In 1827, Ioannis Kapodistrias was chosen by the Third National Assembly at Troezen as the first governor of the First Hellenic Republic. Kapodistrias established state, economic and military institutions. Tensions appeared between him and local interests and, following his assassination in 1831 and the London Conference of 1832, Britain, France and Russia installed Bavarian Prince Otto von Wittelsbach as monarch. Otto's reign was despotic, and in its first 11 years of independence Greece was ruled by a Bavarian oligarchy led by Josef Ludwig von Armansperg and, later, by Otto himself, as King and Premier. Greece remained under the influence of its three protecting great powers. In 1843 an uprising forced Otto to grant a constitution and representative assembly.

Despite the absolutism of Otto's reign, it proved instrumental in developing institutions which are still the bedrock of Greek administration and education. Reforms were taken in education, maritime and postal communications, effective civil administration and the legal code. Historical revisionism took the form of de-Byzantinification and de-Ottomanisation, in favour of promoting Ancient Greek heritage. The capital was moved from Nafplio, where it had been since 1829, to Athens, then a smaller town. The Church of Greece was established as Greece's national church and 25 March, the day of Annunciation, was chosen as the anniversary of the Greek War of Independence to reinforce the link between Greek identity and Orthodoxy.

Otto was deposed in 1862 because of the Bavarian-dominated government, heavy taxation, and a failed attempt to annex Crete from the Ottomans. He was replaced by Prince Wilhelm of Denmark, who took the name George I and brought with him the Ionian Islands as a coronation gift from Britain. A new Constitution in 1864 changed Greece's form of government from constitutional monarchy to the more democratic crowned republic. In 1875 parliamentary majority as a requirement for government was introduced, curbing the power of the monarchy to appoint minority governments. Corruption, coupled with increased spending to fund infrastructure like the Corinth Canal, overtaxed the weak economy and forced the declaration of public insolvency in 1893.
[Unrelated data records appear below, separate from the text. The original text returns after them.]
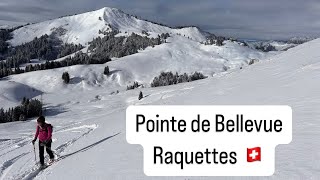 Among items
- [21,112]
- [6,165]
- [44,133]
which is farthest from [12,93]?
[44,133]

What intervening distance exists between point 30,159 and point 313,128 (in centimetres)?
1615

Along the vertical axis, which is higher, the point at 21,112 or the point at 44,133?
the point at 44,133

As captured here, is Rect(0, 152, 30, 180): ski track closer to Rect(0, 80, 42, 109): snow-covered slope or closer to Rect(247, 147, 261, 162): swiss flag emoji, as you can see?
Rect(247, 147, 261, 162): swiss flag emoji

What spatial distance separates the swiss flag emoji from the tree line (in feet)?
338

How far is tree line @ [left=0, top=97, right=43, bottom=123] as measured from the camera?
11029 centimetres

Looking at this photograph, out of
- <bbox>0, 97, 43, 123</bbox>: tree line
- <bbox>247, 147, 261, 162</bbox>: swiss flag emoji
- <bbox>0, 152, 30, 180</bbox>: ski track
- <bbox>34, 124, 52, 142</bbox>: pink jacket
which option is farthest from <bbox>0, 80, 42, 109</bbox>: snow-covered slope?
<bbox>247, 147, 261, 162</bbox>: swiss flag emoji

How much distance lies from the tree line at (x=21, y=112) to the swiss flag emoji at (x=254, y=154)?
102893mm

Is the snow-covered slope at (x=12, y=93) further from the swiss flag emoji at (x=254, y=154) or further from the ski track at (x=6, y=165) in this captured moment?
the swiss flag emoji at (x=254, y=154)

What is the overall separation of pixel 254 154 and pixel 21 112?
111 m

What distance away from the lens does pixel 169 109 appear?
16.8 metres

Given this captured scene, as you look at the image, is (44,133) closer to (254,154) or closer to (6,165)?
(6,165)

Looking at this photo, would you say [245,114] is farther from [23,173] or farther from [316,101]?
[23,173]

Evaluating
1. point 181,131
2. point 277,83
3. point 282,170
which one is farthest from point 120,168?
point 277,83

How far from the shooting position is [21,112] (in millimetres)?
116562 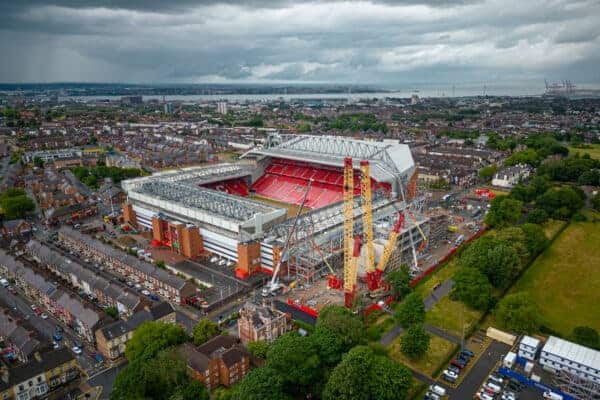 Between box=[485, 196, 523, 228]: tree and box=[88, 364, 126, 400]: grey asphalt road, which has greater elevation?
box=[485, 196, 523, 228]: tree

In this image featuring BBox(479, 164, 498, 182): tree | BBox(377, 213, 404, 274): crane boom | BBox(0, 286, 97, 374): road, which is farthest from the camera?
BBox(479, 164, 498, 182): tree

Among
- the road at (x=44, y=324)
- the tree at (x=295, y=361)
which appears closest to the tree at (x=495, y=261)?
the tree at (x=295, y=361)

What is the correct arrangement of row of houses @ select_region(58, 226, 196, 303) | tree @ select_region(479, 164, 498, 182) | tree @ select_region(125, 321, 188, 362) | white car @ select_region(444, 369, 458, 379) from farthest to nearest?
tree @ select_region(479, 164, 498, 182) → row of houses @ select_region(58, 226, 196, 303) → white car @ select_region(444, 369, 458, 379) → tree @ select_region(125, 321, 188, 362)

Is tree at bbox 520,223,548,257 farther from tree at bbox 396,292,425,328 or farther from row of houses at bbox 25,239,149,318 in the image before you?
row of houses at bbox 25,239,149,318

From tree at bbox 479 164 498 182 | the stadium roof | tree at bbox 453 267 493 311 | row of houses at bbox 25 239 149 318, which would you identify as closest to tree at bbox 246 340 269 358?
row of houses at bbox 25 239 149 318

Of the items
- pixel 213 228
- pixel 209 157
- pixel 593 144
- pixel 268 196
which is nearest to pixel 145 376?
pixel 213 228

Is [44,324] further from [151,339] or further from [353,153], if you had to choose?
[353,153]

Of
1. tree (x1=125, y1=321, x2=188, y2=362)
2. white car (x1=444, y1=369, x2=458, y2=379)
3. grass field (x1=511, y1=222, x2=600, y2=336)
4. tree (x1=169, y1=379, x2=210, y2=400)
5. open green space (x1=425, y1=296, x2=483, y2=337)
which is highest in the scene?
tree (x1=125, y1=321, x2=188, y2=362) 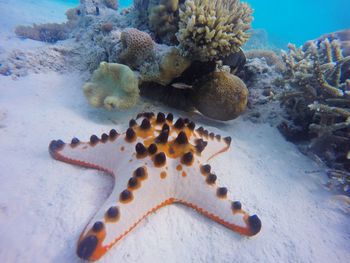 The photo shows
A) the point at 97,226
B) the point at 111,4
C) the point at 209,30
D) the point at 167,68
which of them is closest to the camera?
the point at 97,226

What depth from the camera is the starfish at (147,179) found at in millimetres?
2240

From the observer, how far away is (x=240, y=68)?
6.35 m

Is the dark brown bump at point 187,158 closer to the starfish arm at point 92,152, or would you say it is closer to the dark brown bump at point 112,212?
the starfish arm at point 92,152

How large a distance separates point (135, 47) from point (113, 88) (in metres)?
0.95

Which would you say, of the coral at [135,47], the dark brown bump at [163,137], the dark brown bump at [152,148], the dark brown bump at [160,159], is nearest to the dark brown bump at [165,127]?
the dark brown bump at [163,137]

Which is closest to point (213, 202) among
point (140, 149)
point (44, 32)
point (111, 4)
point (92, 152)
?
point (140, 149)

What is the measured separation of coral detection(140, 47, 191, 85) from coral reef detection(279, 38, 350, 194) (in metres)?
2.54

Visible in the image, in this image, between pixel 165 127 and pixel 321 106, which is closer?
pixel 165 127

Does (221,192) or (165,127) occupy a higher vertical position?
(165,127)

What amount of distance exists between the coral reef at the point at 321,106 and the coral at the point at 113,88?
3.37m

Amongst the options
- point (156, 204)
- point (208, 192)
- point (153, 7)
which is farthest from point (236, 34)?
point (156, 204)

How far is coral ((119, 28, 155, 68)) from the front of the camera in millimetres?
4852

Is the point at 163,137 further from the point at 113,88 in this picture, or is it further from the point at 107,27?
the point at 107,27

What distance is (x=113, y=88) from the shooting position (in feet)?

The territorial evolution of the Kingdom of Greece from 1832 to 1947

Greeks were united, however, in their determination to liberate the Hellenic lands under Ottoman rule; the Cretan Revolt (1866–1869) had raised nationalist fervour. When war broke out between Russia and the Ottomans in 1877, Greek sentiment rallied to Russia, but Greece was too poor and concerned about British intervention, to enter the war. Greeks in Crete continued to stage revolts, and in 1897, the Greek government, bowing to popular pressure, declared war on the Ottomans. In the ensuing Greco-Turkish War of 1897, the badly trained and equipped Greek army was defeated. Through the intervention of the Great Powers, however, Greece lost little territory, while Crete was established as an autonomous state under Prince George of Greece. With state coffers empty, fiscal policy came under International Financial Control. The government, aiming to quell Komitadjis and detach the Slavophone peasants of the region from Bulgarian influence, sponsored a guerrilla campaign in Ottoman-ruled Macedonia, known as the Macedonian Struggle, which ended with the Young Turk Revolution in 1908.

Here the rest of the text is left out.